Atmos. Meas. Tech., 8, 463–470, 2015
https://doi.org/10.5194/amt-8-463-2015
© Author(s) 2015. This work is distributed under
the Creative Commons Attribution 3.0 License.

Research article 29 Jan 2015

Research article | 29 Jan 2015

Determining the temporal variability in atmospheric temperature profiles measured using radiosondes and assessment of correction factors for different launch schedules

D. Butterfield and T. Gardiner D. Butterfield and T. Gardiner
  • National Physical Laboratory, Hampton Road, Teddington, Middlesex, TW11 0LW, UK

Abstract. Radiosondes provide one of the primary sources of upper troposphere and stratosphere temperature data for numerical weather prediction, the assessment of long-term trends in atmospheric temperature, study of atmospheric processes and provide intercomparison data for other temperature sensors, e.g. satellites.

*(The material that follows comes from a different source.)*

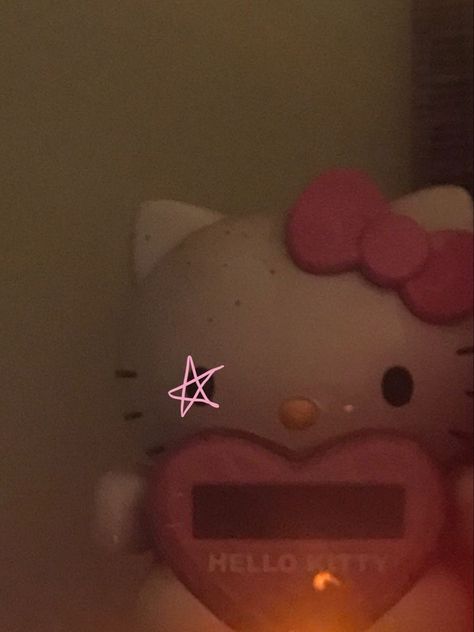 Hello Kitty Grunge Pfp Hello Kitty, Hello Kitty Blurry Aesthetic, Hello Kitty Blurry, Hello Kitty Icons Aesthetic, Grunge Hello Kitty Pfp, Hello Kitty Aesthetic Pfp, Hello Kitty Pfp, Hello Kitty Imagenes, Hello Kitty Y2k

When intercomparing different temperature profiles it is important to include the effect of temporal mismatch between the measurements. To help quantify this uncertainty the atmospheric temperature variation through the day needs to be assessed, so that a correction and uncertainty for time difference can be calculated. Temperature data from an intensive radiosonde campaign, at Manus Island in Papua New Guinea, were analysed to calculate the hourly rate of change in temperature at different altitudes and provide recommendations and correction factors for different launch schedules. Using these results, three additional longer term data sets were analysed (Lindenberg 1999 to 2008; Lindenberg 2009 to 2012; and Southern Great Plains 2006 to 2012) to assess the diurnal variability of temperature as a function of altitude, time of day and season of the year. This provides the appropriate estimation of temperature differences for given temporal separation and the uncertainty associated with them. A general observation was that 10 or more repeat measurements would be required to get a standard error of the mean of less than 0.1 K per hour of temporal mismatch.